Goal of the exercise: Go to the line holding "Fototapeta premium Watercolor" in the data below and repeat it exactly, then each line after it up to and including the one holding "Cardigan Polo com". Omit pictures.

Dataset records:
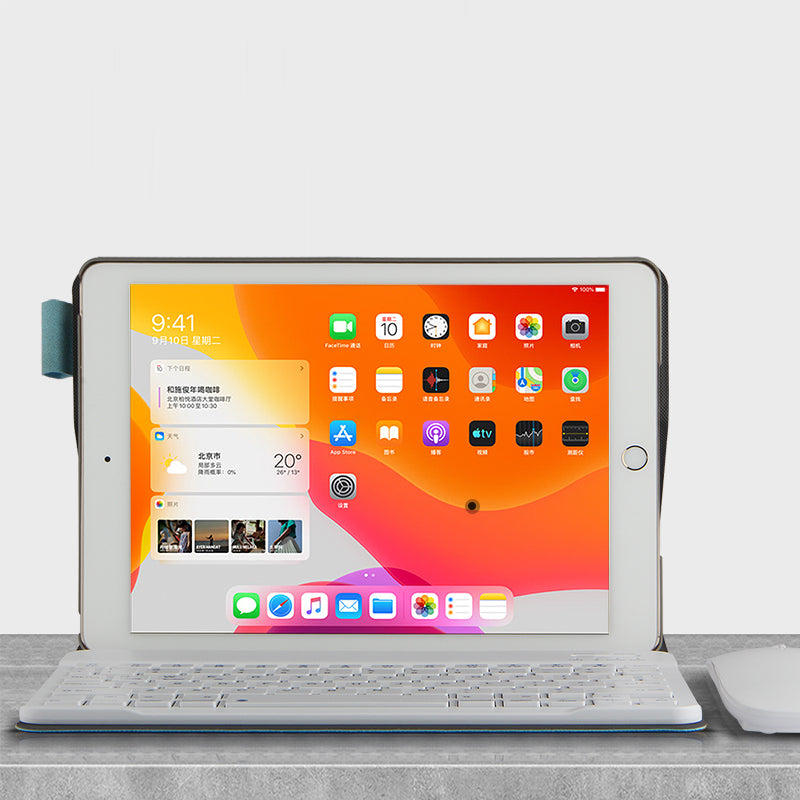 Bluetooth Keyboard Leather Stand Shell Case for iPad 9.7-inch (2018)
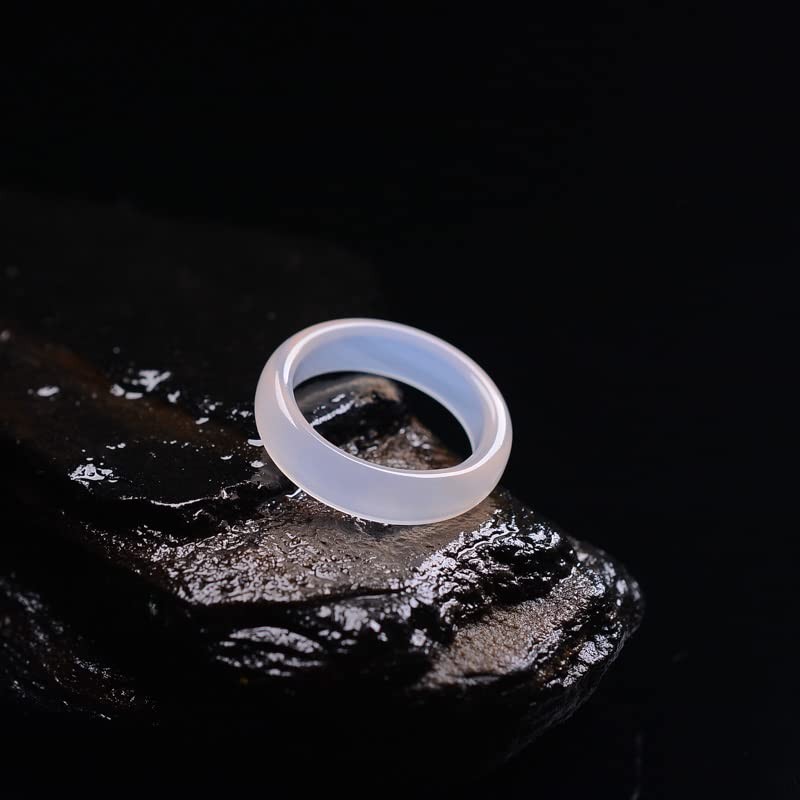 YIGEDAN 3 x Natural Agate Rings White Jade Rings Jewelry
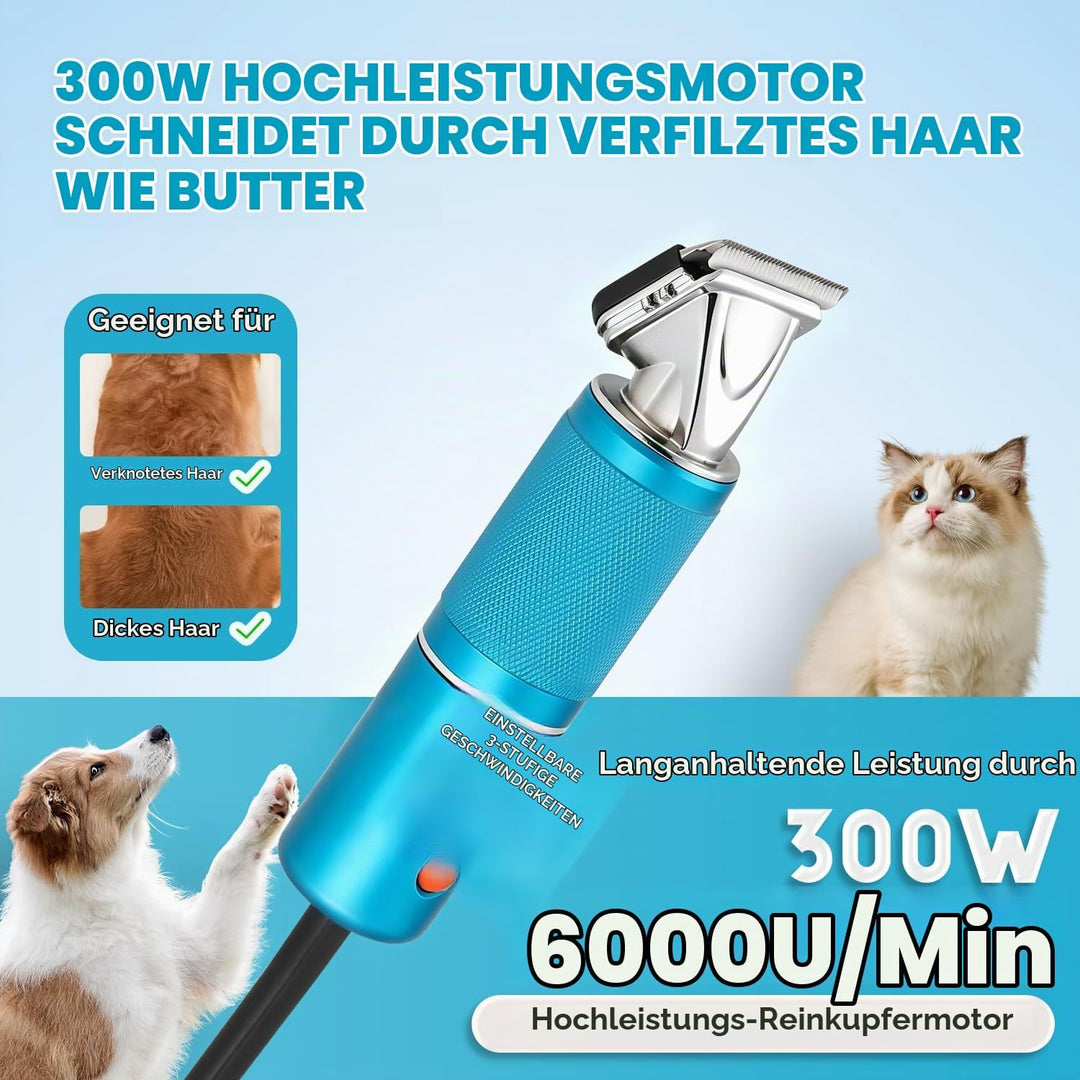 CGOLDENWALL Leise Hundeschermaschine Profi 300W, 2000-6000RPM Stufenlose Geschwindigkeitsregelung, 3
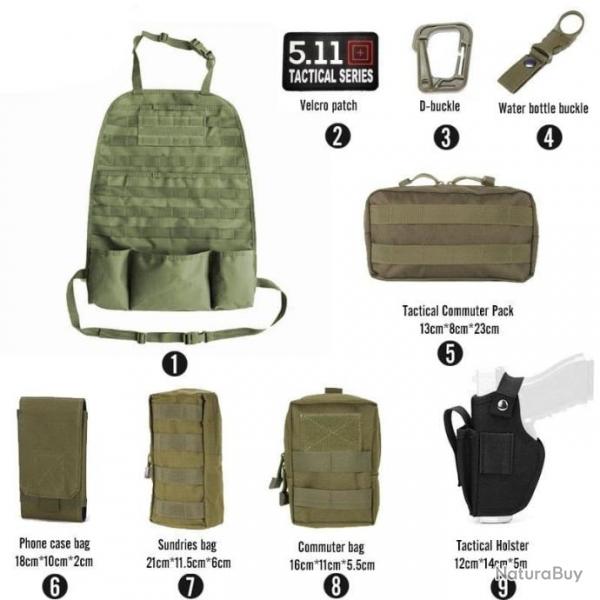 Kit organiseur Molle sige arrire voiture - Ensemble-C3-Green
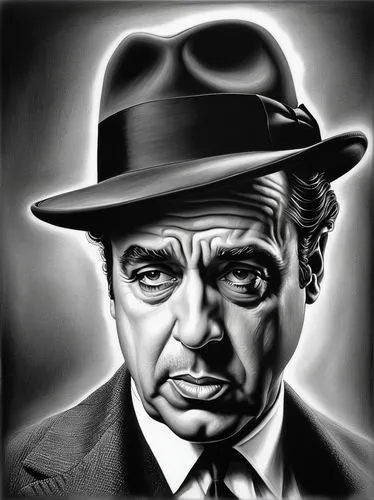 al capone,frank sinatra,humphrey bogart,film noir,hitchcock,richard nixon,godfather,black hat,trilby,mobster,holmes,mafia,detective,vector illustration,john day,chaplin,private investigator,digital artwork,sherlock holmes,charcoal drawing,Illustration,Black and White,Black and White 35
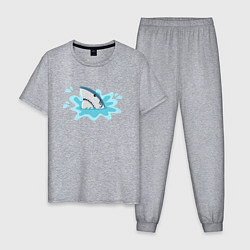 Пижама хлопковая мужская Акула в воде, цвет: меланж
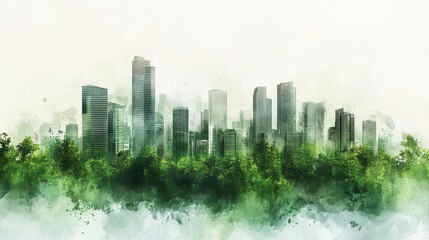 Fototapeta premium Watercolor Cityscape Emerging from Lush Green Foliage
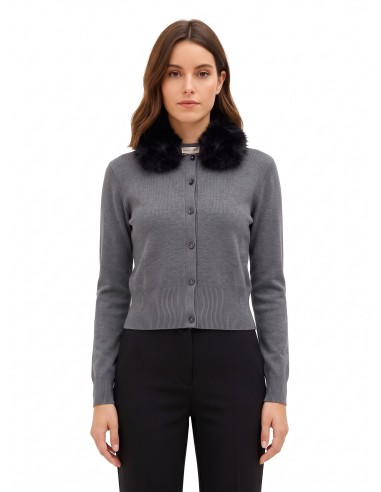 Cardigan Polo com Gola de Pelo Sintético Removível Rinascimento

==

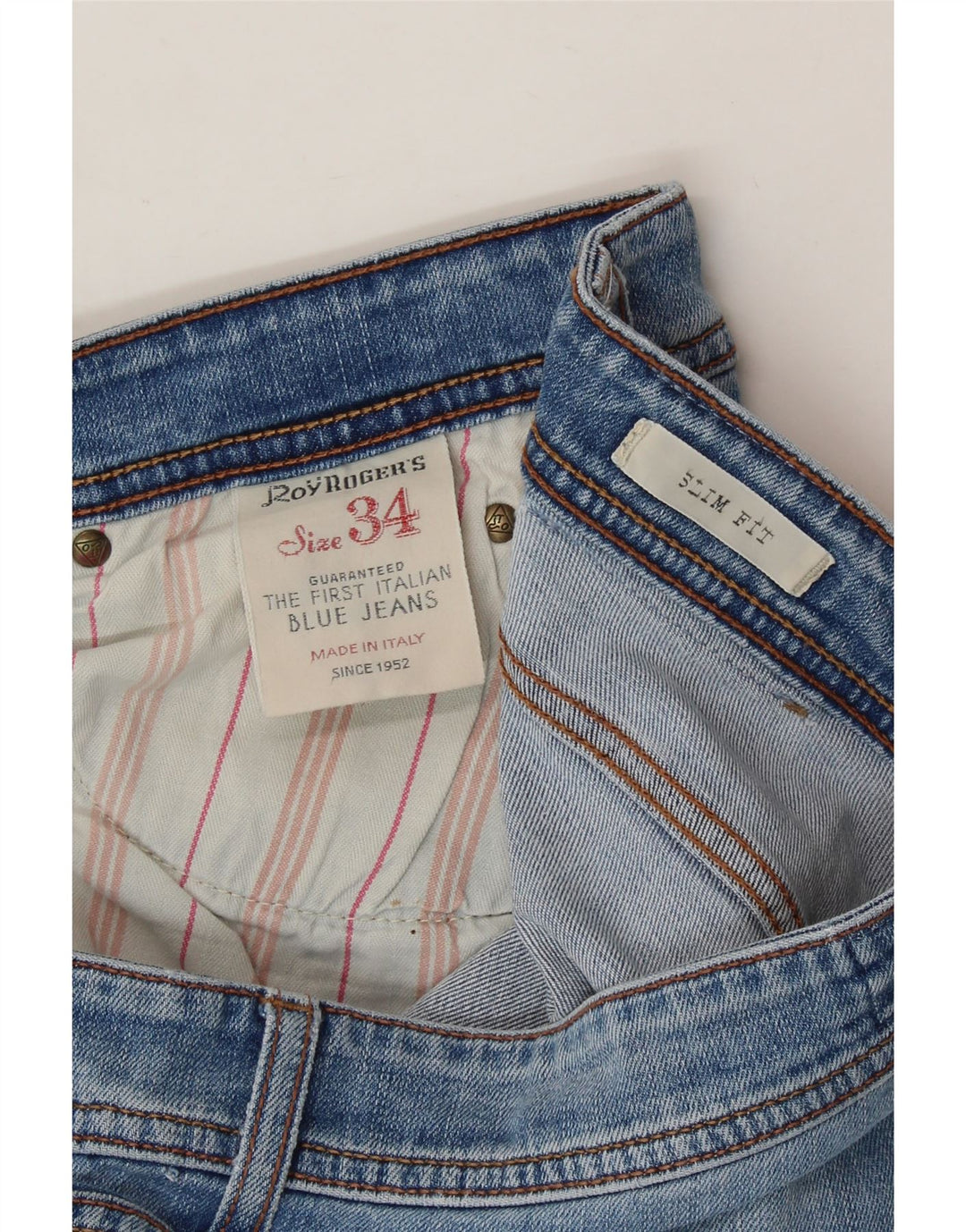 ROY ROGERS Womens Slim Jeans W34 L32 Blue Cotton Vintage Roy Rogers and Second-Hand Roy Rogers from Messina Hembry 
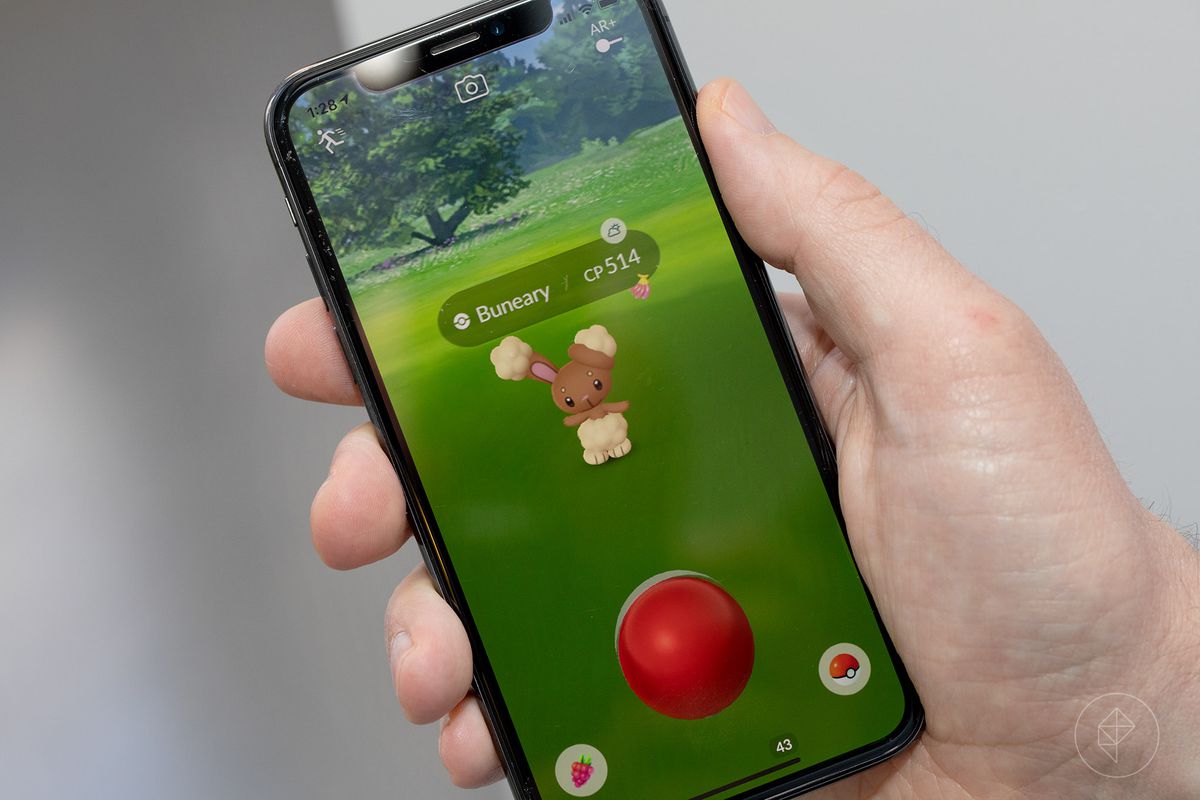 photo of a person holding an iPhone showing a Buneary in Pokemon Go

Final answer:
 Fototapeta premium Watercolor Cityscape Emerging from Lush Green Foliage
 Cardigan Polo com Gola de Pelo Sintético Removível Rinascimento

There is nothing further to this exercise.